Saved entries
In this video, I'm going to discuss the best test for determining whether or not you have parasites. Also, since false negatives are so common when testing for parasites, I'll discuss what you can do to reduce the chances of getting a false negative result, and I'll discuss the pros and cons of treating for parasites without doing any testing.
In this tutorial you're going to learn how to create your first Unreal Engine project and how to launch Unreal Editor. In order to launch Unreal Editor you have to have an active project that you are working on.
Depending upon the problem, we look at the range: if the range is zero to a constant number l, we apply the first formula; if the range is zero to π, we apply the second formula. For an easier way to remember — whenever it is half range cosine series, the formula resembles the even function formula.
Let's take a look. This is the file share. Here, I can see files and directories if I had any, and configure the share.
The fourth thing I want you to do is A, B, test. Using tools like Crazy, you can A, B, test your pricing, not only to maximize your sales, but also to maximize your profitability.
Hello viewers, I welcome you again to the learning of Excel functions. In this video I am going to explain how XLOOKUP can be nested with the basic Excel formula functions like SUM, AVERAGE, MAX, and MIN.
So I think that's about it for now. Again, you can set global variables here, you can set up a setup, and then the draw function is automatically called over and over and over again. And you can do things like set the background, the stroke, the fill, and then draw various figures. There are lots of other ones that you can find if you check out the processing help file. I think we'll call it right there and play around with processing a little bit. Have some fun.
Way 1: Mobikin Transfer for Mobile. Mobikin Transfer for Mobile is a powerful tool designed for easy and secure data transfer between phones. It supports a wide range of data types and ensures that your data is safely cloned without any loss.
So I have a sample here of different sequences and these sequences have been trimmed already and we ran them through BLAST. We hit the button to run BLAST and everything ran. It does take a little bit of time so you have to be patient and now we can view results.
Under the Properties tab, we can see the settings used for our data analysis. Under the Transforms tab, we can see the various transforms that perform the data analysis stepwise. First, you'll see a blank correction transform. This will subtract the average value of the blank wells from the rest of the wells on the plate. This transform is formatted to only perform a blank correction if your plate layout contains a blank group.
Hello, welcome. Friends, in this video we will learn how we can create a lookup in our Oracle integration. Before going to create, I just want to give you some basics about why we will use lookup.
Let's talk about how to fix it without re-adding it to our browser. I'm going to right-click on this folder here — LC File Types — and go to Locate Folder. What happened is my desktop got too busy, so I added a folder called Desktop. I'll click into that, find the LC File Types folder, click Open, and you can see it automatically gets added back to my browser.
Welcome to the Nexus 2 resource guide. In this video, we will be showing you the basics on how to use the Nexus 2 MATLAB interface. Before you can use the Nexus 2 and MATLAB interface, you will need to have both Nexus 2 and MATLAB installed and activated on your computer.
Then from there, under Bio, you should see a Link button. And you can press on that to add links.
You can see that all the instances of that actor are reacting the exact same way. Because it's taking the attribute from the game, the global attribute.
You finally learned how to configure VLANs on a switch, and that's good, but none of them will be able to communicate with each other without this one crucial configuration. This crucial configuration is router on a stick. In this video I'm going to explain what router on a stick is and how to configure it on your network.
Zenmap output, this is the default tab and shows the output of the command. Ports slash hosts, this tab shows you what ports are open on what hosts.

● **GOAL OF THE EXERCISE**
Nothing should be returned except the lines from the first line of the data above through the line with "Let's take a", each one exact.

● **OUTPUT FOR THIS TASK**
In this video, I'm going to discuss the best test for determining whether or not you have parasites. Also, since false negatives are so common when testing for parasites, I'll discuss what you can do to reduce the chances of getting a false negative result, and I'll discuss the pros and cons of treating for parasites without doing any testing.
In this tutorial you're going to learn how to create your first Unreal Engine project and how to launch Unreal Editor. In order to launch Unreal Editor you have to have an active project that you are working on.
Depending upon the problem, we look at the range: if the range is zero to a constant number l, we apply the first formula; if the range is zero to π, we apply the second formula. For an easier way to remember — whenever it is half range cosine series, the formula resembles the even function formula.
Let's take a look. This is the file share. Here, I can see files and directories if I had any, and configure the share.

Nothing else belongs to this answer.